Now we move on to the exciting part - colouring! Roses, like most flowers, come in a myriad of colours. For this demonstration, we'll focus on a bright pink rose, specifically the American Beauty variety. When dusting roses, two types of brushes are typically used: a round brush for the centre of the rose, and a flat brush for the outer edges.
Start by loading some American Beauty colour onto a paper towel using a round brush. The technique used here is called 'pouncing', which is similar to the technique used with stencils. Pounce the brush into the middle of the rose to create the 'eye' of the rose. This gives the rose a darker centre, as light doesn't filter through the middle of a rose when it's viewed from the outside.
Next, take a flat brush and brush from the outside to the inside of the rose, adding a darker pink to the edges of the petals. This should be done on all visible petals. Remember, you can always add more colour, but you can't take it away. If you're unsure about the intensity of the colour, test it out on a small piece of extra paste. If the colour is too strong, add cornstarch or cornflour to lighten it.
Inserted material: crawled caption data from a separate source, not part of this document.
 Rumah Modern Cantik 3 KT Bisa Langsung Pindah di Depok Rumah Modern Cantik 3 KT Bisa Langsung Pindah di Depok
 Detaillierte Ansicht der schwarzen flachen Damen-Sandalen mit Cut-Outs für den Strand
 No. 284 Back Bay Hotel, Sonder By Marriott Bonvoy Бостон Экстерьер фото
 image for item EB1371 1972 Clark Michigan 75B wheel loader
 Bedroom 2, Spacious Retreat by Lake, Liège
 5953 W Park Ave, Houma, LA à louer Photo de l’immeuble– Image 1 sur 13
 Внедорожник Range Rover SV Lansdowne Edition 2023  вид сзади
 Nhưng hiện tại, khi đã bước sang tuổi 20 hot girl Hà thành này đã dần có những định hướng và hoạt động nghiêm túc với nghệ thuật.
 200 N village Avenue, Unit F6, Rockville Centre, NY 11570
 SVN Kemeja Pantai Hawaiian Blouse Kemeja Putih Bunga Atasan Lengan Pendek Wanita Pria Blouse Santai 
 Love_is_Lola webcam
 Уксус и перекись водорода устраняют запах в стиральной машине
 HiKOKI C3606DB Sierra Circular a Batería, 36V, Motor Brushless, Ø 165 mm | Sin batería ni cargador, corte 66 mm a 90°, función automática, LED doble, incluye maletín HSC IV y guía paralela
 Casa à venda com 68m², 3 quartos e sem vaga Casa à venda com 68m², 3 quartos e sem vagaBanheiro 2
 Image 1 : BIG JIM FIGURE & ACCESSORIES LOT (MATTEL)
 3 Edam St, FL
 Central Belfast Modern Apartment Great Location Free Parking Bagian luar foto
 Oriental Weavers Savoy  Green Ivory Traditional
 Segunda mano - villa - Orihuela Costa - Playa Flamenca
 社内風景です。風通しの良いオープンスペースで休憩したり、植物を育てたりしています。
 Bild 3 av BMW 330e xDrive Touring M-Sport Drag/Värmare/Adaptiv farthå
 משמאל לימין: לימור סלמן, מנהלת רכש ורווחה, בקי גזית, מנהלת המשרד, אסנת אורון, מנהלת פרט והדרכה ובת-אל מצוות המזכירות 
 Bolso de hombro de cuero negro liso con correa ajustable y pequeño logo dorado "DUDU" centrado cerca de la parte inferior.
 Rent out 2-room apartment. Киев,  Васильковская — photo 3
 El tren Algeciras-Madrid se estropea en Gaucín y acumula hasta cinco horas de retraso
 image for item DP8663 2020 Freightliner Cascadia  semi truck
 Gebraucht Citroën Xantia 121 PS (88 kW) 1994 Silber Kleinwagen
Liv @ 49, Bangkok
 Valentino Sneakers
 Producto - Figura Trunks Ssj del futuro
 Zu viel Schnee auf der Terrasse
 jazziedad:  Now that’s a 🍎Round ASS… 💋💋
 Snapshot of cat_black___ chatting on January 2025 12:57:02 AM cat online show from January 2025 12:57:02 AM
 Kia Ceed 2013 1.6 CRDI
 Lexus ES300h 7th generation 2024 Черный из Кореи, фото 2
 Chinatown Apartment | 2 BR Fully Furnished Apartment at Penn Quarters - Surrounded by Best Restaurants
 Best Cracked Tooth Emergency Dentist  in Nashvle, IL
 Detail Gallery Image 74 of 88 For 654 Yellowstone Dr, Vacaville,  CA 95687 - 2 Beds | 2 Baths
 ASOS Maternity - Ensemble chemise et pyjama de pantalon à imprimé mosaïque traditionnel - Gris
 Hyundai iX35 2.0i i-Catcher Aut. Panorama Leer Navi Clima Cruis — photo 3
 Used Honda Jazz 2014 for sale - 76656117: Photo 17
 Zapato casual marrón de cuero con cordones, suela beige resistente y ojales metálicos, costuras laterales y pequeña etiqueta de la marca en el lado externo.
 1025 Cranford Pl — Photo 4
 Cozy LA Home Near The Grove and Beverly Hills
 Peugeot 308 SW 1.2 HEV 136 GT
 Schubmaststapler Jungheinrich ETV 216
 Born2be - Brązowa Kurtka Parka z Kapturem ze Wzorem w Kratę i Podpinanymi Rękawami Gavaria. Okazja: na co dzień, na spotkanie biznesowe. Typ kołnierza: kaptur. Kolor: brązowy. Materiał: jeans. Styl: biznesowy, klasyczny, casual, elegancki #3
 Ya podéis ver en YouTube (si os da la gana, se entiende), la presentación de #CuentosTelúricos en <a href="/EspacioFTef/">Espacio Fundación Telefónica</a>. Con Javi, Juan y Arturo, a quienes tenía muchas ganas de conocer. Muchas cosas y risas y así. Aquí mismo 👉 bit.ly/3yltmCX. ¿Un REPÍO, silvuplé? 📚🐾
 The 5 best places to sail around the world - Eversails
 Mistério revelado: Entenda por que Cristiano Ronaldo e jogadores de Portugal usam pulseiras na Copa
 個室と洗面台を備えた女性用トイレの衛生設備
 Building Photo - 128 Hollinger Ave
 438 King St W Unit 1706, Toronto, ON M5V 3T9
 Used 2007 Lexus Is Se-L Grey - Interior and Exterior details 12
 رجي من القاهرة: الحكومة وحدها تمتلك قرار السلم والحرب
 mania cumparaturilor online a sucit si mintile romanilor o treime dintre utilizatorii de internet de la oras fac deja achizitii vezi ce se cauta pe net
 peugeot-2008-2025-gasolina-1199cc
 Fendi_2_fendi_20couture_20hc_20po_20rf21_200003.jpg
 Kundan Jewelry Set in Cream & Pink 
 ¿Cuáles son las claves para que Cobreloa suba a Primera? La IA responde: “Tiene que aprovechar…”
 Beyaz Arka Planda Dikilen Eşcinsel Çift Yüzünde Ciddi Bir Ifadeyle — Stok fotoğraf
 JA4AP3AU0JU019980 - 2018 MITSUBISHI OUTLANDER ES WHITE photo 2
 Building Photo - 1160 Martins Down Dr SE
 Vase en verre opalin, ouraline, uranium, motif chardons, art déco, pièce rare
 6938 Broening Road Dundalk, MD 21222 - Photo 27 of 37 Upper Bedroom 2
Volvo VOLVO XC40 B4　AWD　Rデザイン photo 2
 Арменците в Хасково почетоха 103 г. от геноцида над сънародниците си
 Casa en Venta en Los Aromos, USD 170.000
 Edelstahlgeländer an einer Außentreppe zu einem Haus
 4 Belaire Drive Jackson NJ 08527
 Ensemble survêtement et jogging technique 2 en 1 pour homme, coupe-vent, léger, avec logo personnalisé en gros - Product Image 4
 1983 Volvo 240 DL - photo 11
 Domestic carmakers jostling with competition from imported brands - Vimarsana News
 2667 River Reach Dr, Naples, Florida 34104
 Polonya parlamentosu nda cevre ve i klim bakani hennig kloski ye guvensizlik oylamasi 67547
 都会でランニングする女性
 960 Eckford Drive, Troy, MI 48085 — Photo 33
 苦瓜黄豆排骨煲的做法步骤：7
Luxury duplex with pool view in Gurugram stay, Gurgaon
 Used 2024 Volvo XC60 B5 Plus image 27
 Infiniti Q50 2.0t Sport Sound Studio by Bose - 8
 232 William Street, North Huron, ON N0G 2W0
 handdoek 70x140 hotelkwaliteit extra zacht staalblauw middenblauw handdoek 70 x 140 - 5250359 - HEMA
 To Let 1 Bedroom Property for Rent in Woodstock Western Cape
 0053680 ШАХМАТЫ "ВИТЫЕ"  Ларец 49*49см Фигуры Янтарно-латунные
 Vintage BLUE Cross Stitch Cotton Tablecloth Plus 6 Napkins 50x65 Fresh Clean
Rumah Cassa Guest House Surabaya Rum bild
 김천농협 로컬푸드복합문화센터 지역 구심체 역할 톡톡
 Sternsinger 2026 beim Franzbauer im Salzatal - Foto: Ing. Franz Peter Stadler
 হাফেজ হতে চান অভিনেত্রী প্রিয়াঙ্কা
For the calyx and stem of the rose, use a light apple green and prairie green colour. Brush the green colour in between the petals, just on the exposed part. If you have thorns on your roses, add a bit of apple green on the ovary and down onto the thorns. For an accent, add a bit of pink colour onto the tip of the thorn.
Once you've finished colouring, the rose should be steamed. This can be done using a clothes steamer, a teakettle, or a pan of water. Hold the flower about six inches away from the steam and rotate it for a few seconds. This gives the rose a natural lustre and gets rid of any dry, chalky look.
For a red rose, use ruby red for the centre and aubergine for a pop of colour. For a yellow rose, use a mix of lemon yellow and orange. Once the colouring is done, the roses can be arranged in a variety of ways. Whether it's a classic arrangement of long-stemmed red roses with baby's breath and fern, a simple arrangement of roses and rose leaves, or small yellow roses with fern, the possibilities are endless.
Remember, the art of crafting sugar roses is all about creativity and personal expression. Enjoy the process and have fun experimenting with different colours and arrangements.